J’appelle également votre attention sur le collège représentant les jeunes dans leur diversité. Les travaux que je mène avec notre collègue Sandrine Mörch, dans le cadre de la commission d’enquête pour mesurer et prévenir les effets de la crise du covid-19 sur les enfants et la jeunesse, ont montré de graves carences dans l’écoute et la prise en considération de leur parole. Si nous ne garantissons pas leur présence dans le CESE, nous ne ferons qu’amplifier le phénomène. Nous avons d’ailleurs reçu un représentant du collège des jeunes du CESE, qui nous a fait part du nombre important de travaux menés, témoignant de l’efficacité de leur représentation. Enfin, je vous mets en garde quant aux conséquences de l’article 6, qui vise à se passer de la consultation, pourtant prévue par la loi, d’un certain nombre de structures, dès que le CESE est saisi ; cela m’apparaît dangereux, car très flou. Je partage donc la volonté du Conseil d’État de voir cet article disparaître.

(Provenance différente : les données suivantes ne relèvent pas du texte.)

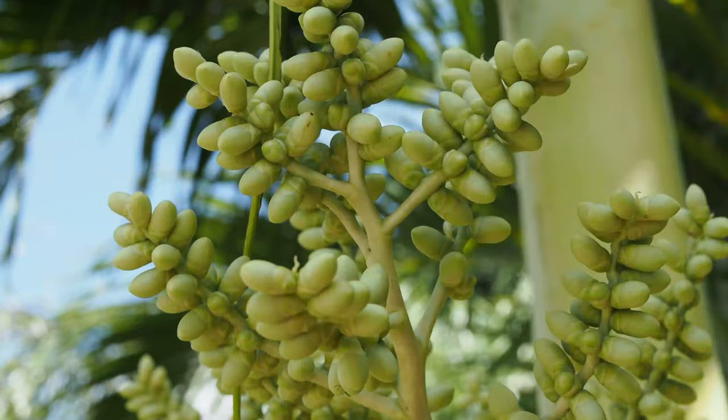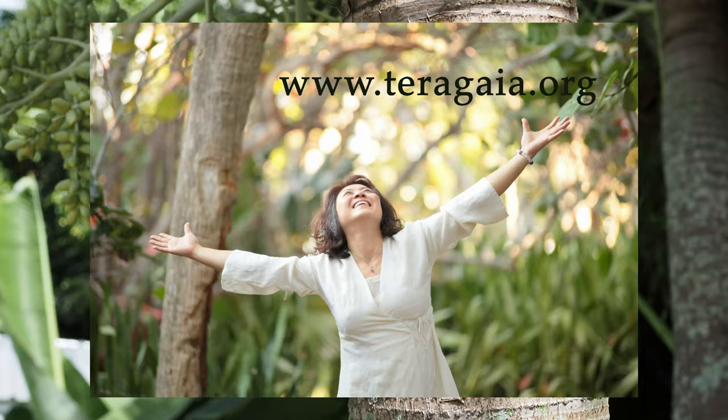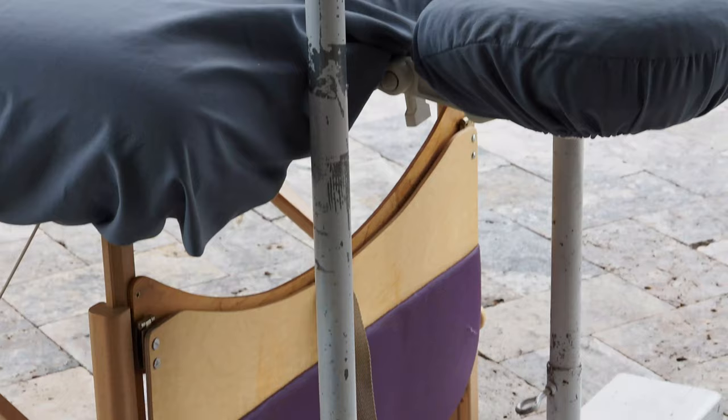I hope you've enjoyed my educational video on Eastern Ashiatsu. To find out more, you may contact me via my website at teragaia.org — T-E-R-A-G-A-I-A dot org. Namaste.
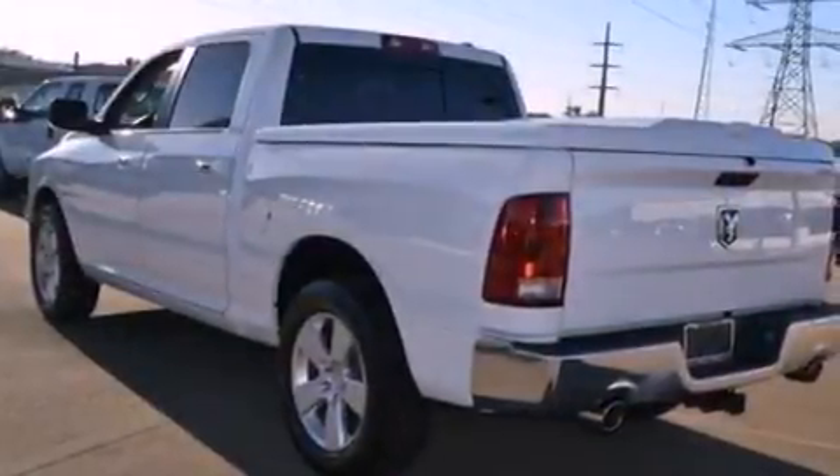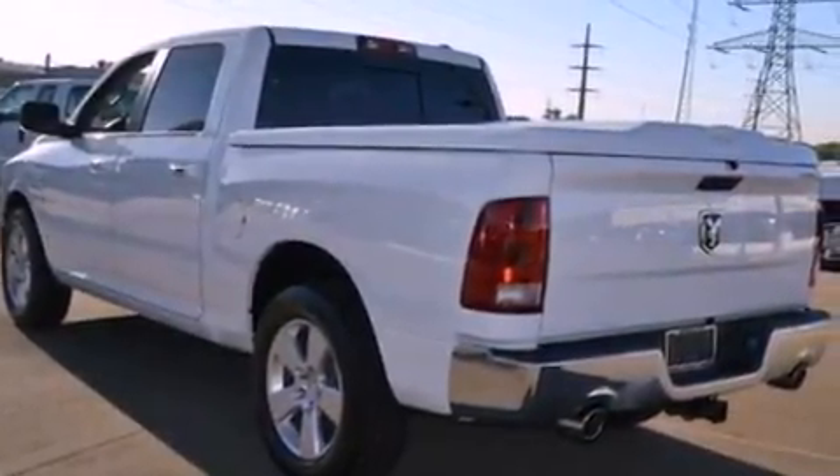Additional features include a passenger side vanity mirror, dusk-sensing headlights, a power driver's seat, and this vehicle has fewer than 11,000 miles on the odometer.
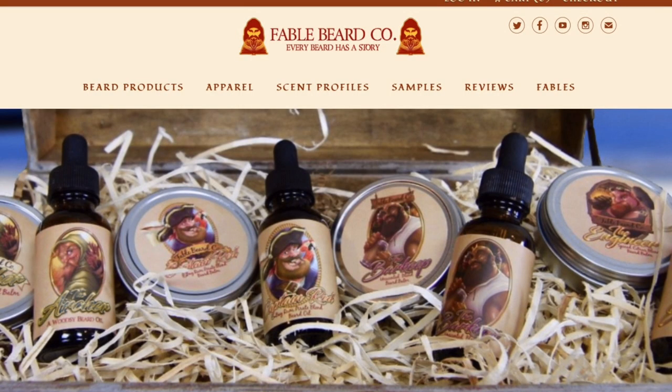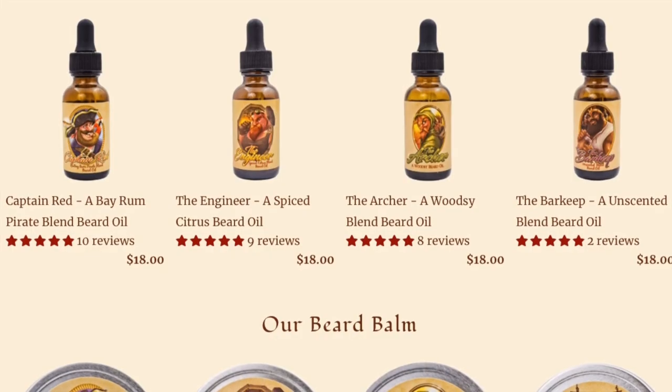So today I'm going to be checking out Fable Beard Co., and I'd like to point out just how much of an immersive experience it is to enter into the Fable world. When you visit their website, you're greeted with music that sounds like it's right from an epic battle scene. You'll also be greeted with a pop-up that asks you to join the tavern. Their goal is to not only target a market that loves beards, but also loves the world of gaming and fantasy stories.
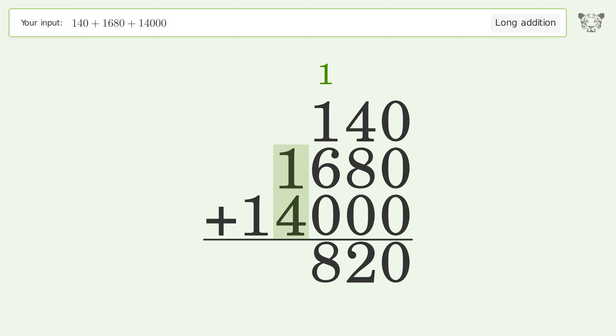1 plus 4 equals 5. Write 1 in the ten thousands place, and so the final result is 15820.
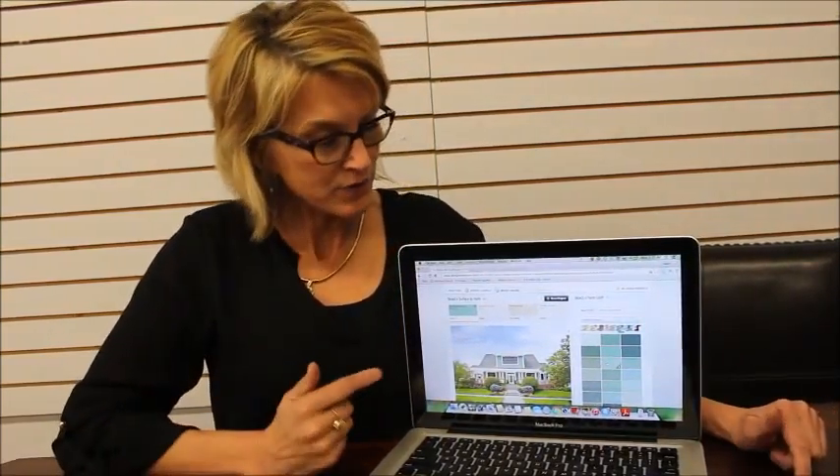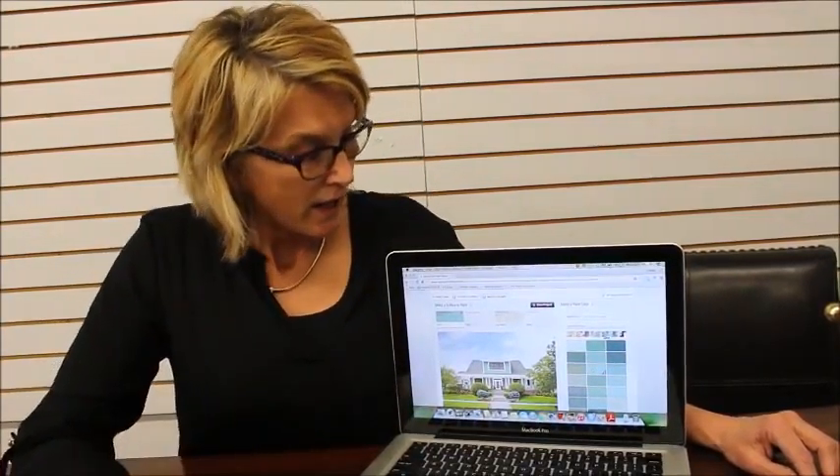If you want help with that, just give me a call — I'd be more than happy to come over and help you. I'm sure there are more sites that do that too, other than Benjamin Moore, but it's the one I happened to click on and I really like it. Happy shopping for the right paint color, and I hope to see you when it's time to list!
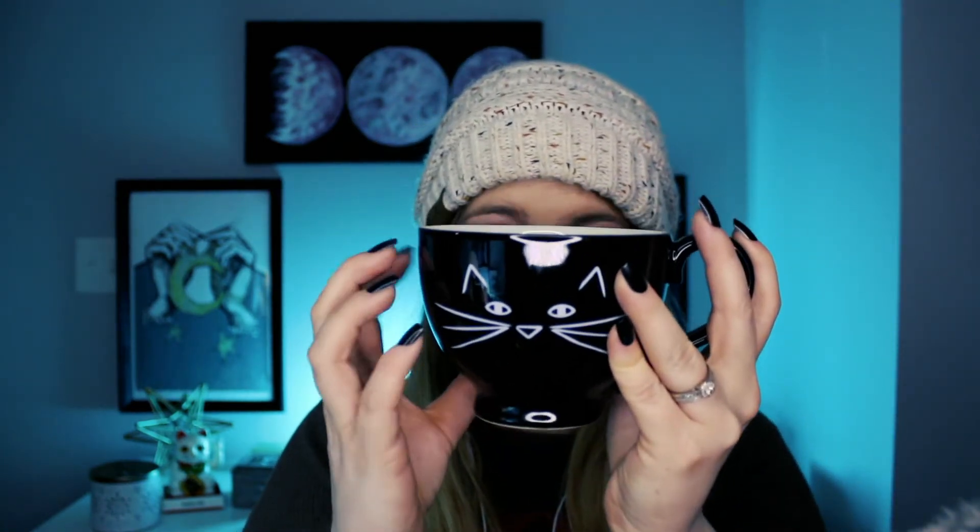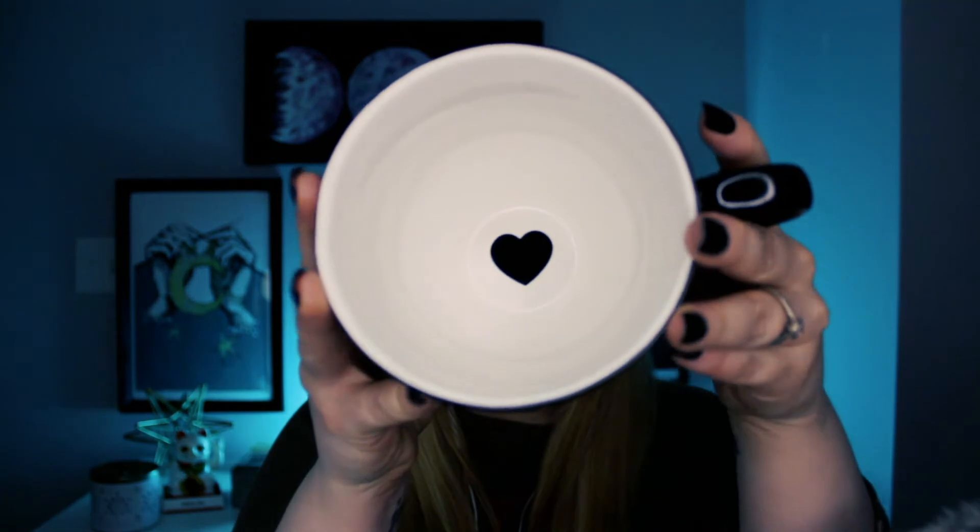Speaking of cats, the first mug that I want to talk about tonight is this cute little cat mug. It has the cutest little cat face on it, and one of the cutest things about this mug is that in the bottom of it there's a little heart. I picked this mug up from TJ Maxx, which is where I get most of my mugs. I can't remember how much I paid for it, but I think it was $3.99.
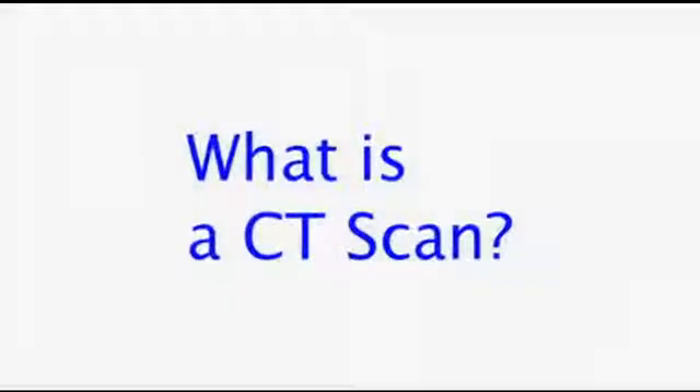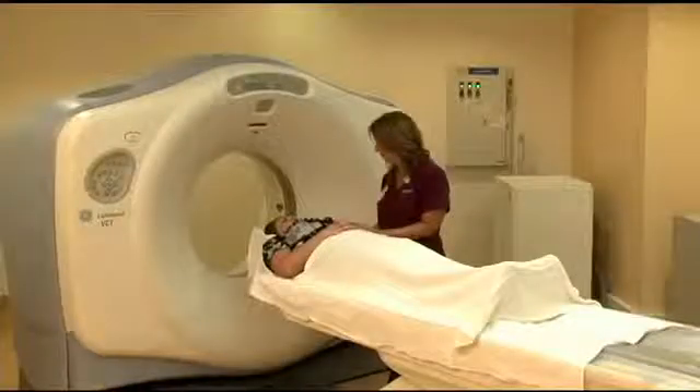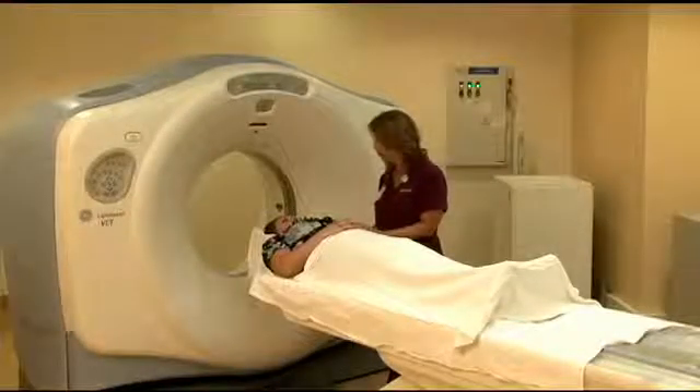A CT scan, or a CAT scan, is a specialized X-ray. Instead of sending a single X-ray beam through the body like in a chest X-ray or a knee X-ray, a CT scan sends a beam with multiple angles at the same time to get a clear picture of the body.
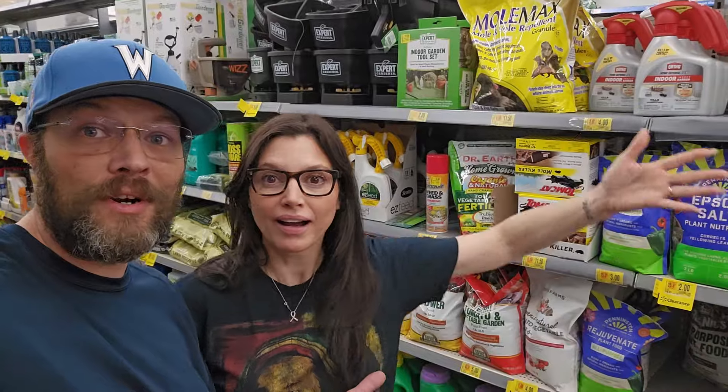We're at Walmart and gardening season is ending, which means all these items are on clearance. We're going to scan everything we can in the garden section.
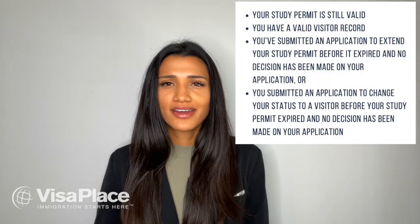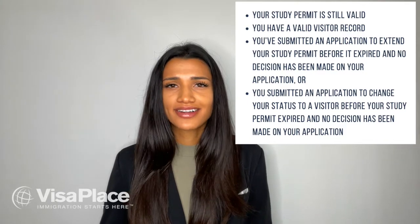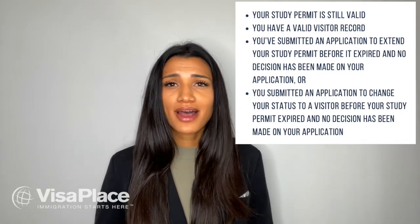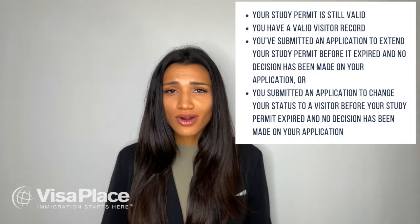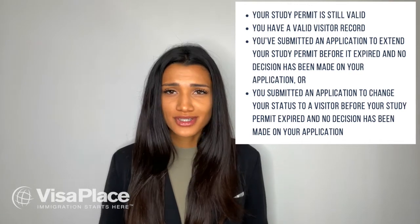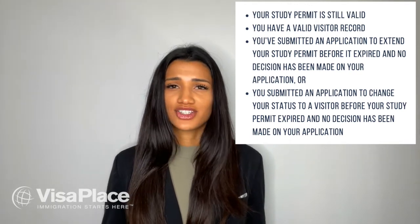If you are a Canadian graduate, you can apply for a PGWP if your study permit is still valid, you have a valid visitor record, you've submitted an application to extend your study permit but it expired and no decision has been made yet, or you've submitted an application to change your status to a visitor before your study permit expired and no decision has been made yet.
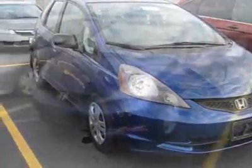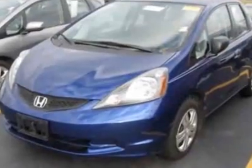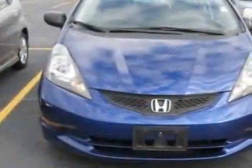Call 888-788-2205 or email our friendly sales staff today to schedule a test drive.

Les travaux du CESE manquent de valorisation, c’est vrai. Mais les raisons ne tiennent pas qu’à son fonctionnement. Il nous appartient à nous, qui sommes finalement celles et ceux qui votons les lois, de prendre en considération leurs travaux. Dans ma réflexion sur le sport, j’ai pris appui sur des rapports du CESE – je pense particulièrement à celui de Muriel Hurtis et Françoise Sauvageot. A contrario, je n’ai pas pu m’emparer pleinement de l’avis du CESE sur le projet de loi de programmation de la recherche car il est arrivé, hélas, pendant l’examen de celle-ci. Ce rapport était d’ailleurs unanime contre le texte – l’exécutif ne lui a pas accordé une seconde d’attention. Avec 25 % de membres en moins ou la pétition numérique, je ne pense pas que l’avenir de ce rapport aurait été différent.
Toute réforme du CESE n’aura donc qu’une incidence marginale si nous continuons avec le même système institutionnel. Rendre du pouvoir au Parlement, renforcer les communes, lieux par excellence de l’exercice de la citoyenneté, et multiplier les lieux d’écoute et d’échange, voilà qui serait favorable à la démocratie. Le soutien au monde associatif est également indispensable, car il représente bien souvent la porte d’entrée dans l’engagement. Cette chambre de l’avenir ne pourra exister qu’au sein d’une nouvelle république. Aussi, conformément à son ambition de la voir advenir, le groupe de la Gauche démocrate et républicaine s’abstiendra sur ce texte.